====== DATA SHOWN

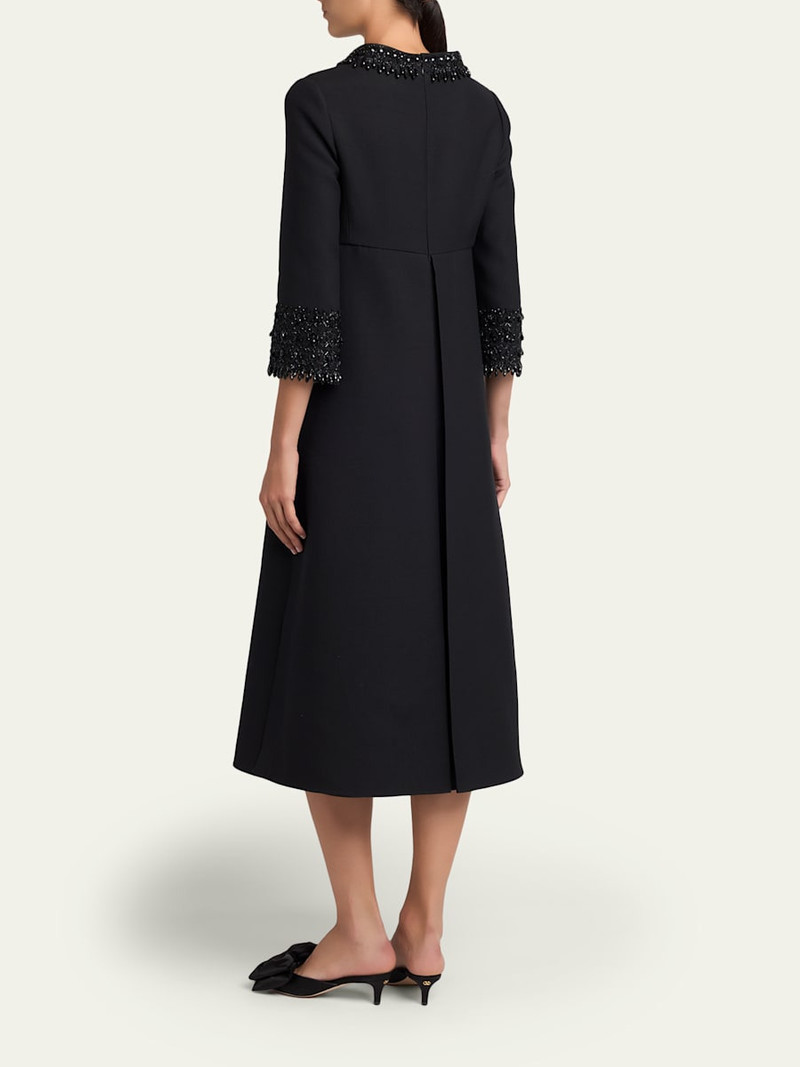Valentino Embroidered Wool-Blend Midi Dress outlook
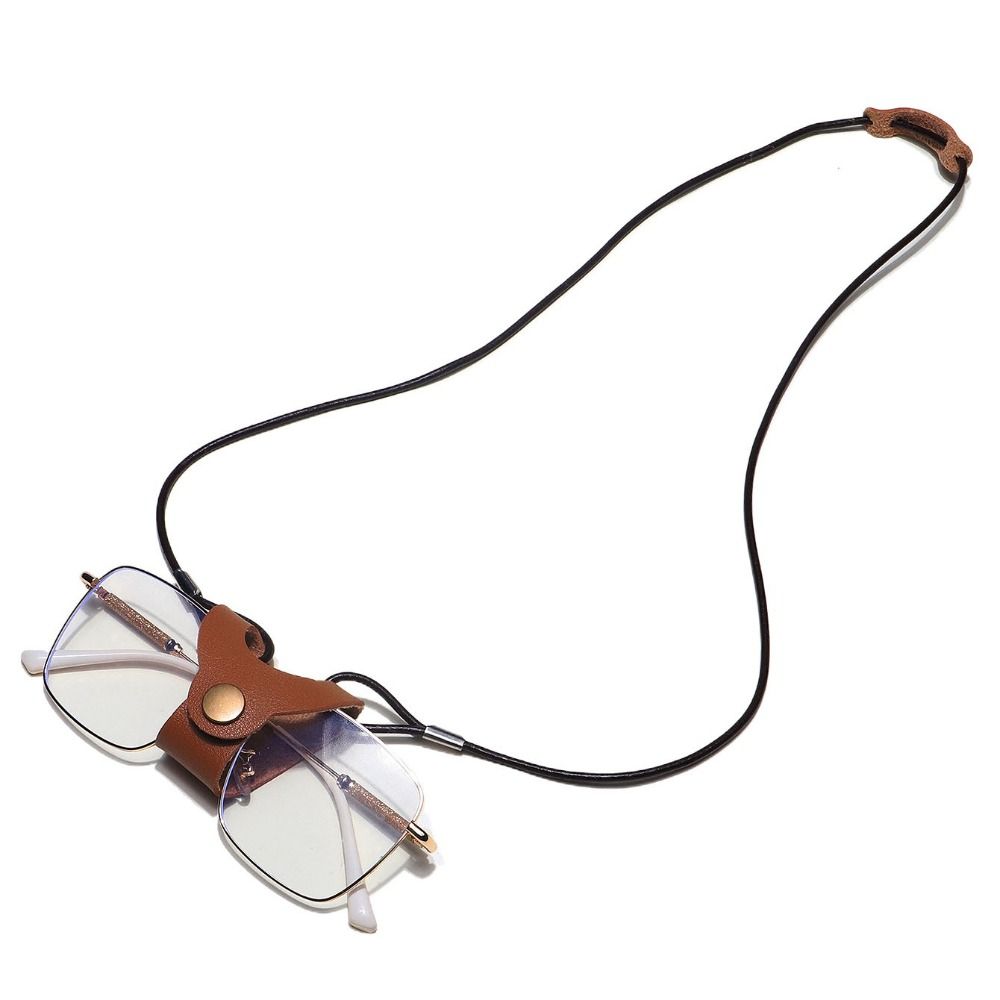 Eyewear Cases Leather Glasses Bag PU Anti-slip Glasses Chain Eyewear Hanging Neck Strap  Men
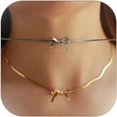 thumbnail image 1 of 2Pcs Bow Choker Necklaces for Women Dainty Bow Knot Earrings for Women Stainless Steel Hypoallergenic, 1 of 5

============

• **ABOUT THIS TASK**: Omit the pictures and reproduce the remaining material above exactly.

• **ANSWER AREA**:
Valentino Embroidered Wool-Blend Midi Dress outlook
 Eyewear Cases Leather Glasses Bag PU Anti-slip Glasses Chain Eyewear Hanging Neck Strap  Men
 thumbnail image 1 of 2Pcs Bow Choker Necklaces for Women Dainty Bow Knot Earrings for Women Stainless Steel Hypoallergenic, 1 of 5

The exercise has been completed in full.